Transfers learned representations to robot controllers via uncalibrated visual servoing.

Eliminates the need for extra robot training or pre-recorded motions.

Abstract

We study the problem of generalizable task learning from human demonstration videos without extra training on the robot or pre-recorded robot motions. Given a set of human demonstration videos showing a task with different objects/tools (categorical objects), we aim to learn a representation of visual observation that generalizes to categorical objects and enables efficient controller design. We propose to introduce a geometric task structure to the representation learning problem that geometrically encodes the task specification from human demonstration videos, and that enables generalization by building task specification correspondence between categorical objects.
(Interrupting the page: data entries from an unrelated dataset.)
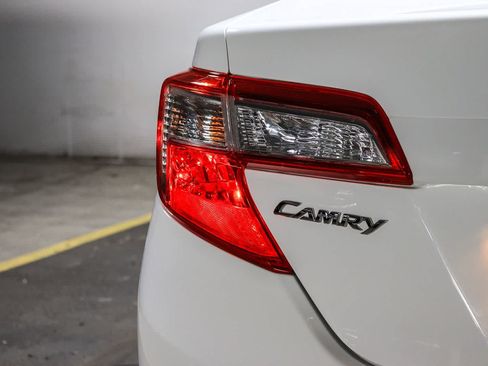 Used 2014 Toyota Camry LE FWD image 11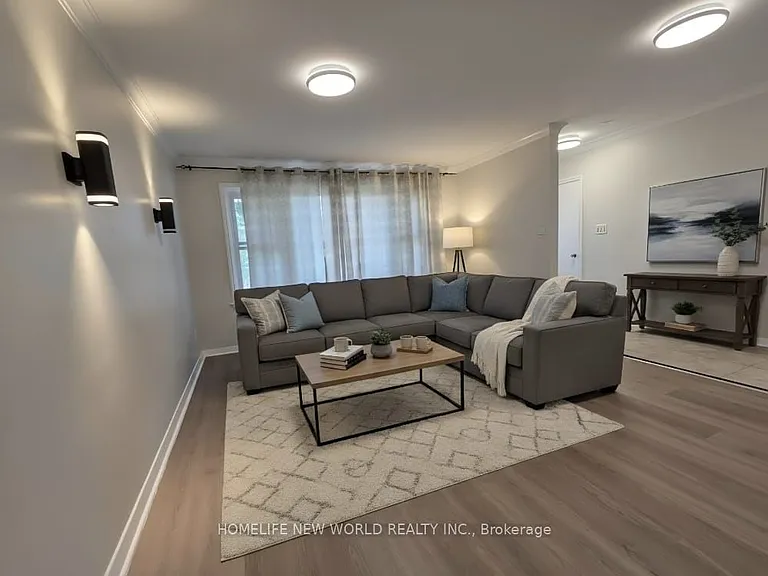 544 Mary St E #MAIN — Photo 2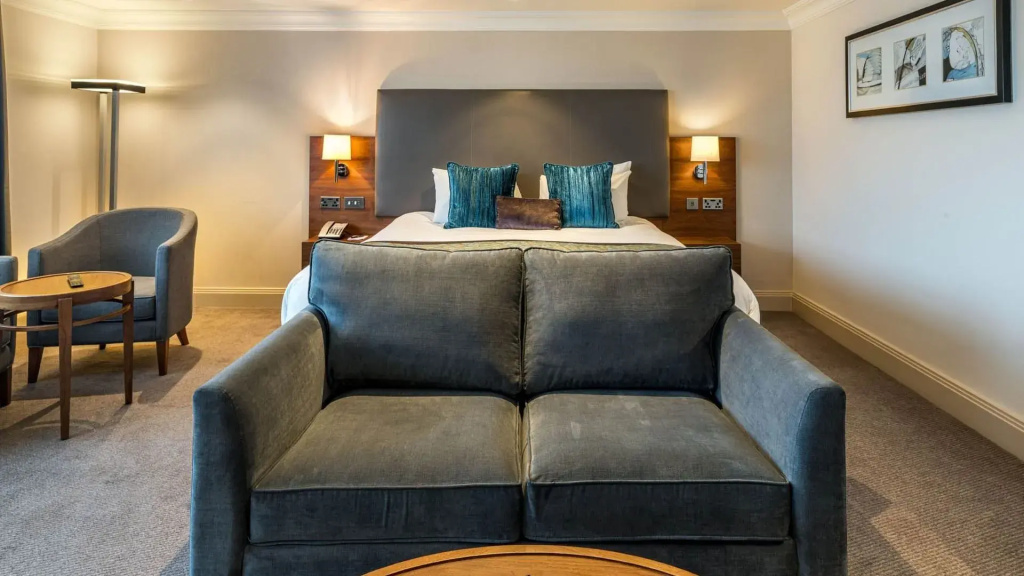 Double Studio Apartment (full double bed)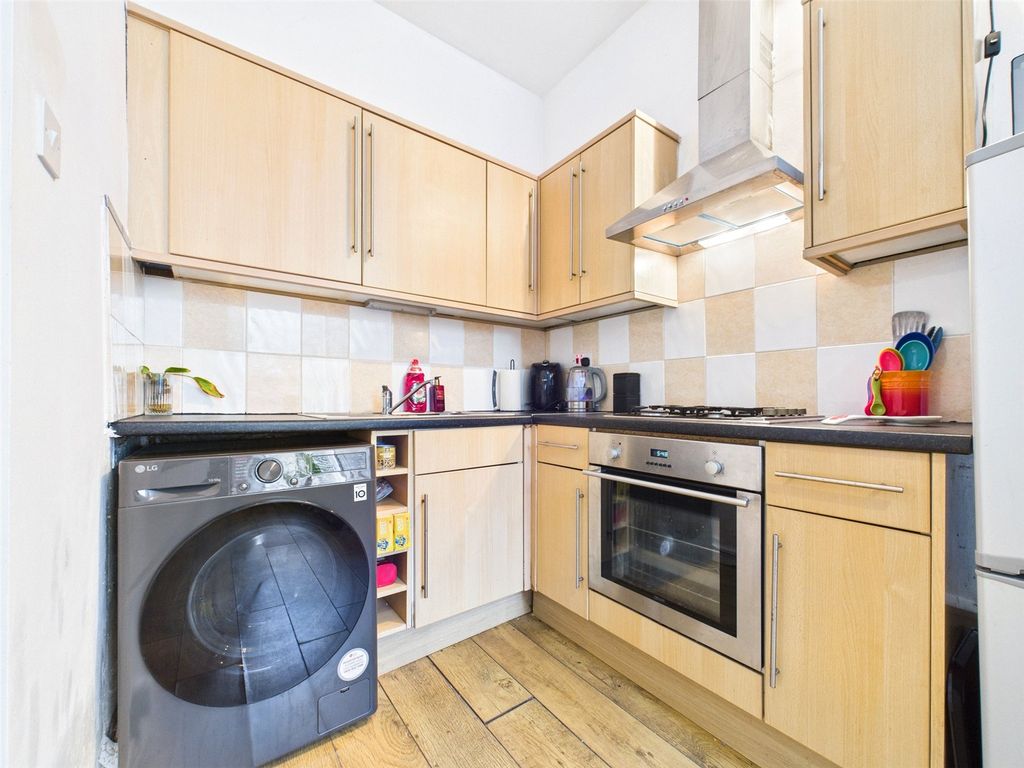 Property photo 3 of 30 Picture No. 01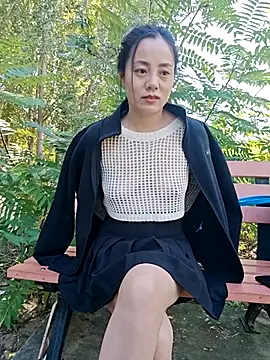 bingxin- online show from September 9, 2025, 4:23 am
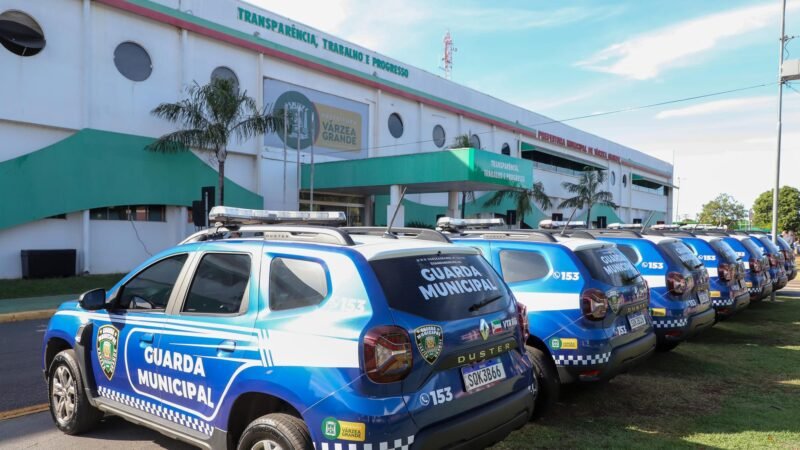 Prefeita entrega oito viaturas e reforça em até 50% atuação da Guarda Municipal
Specifically, we propose CoVGS-IL, which uses a graph-structured task function to learn task representations under structural constraints. Our method enables task generalization by selecting geometric features from different objects whose inner connection relationships define the same task in geometric constraints. The learned task representation is then transferred to a robot controller using uncalibrated visual servoing (UVS); thus, the need for extra robot training or pre-recorded robot motions is removed.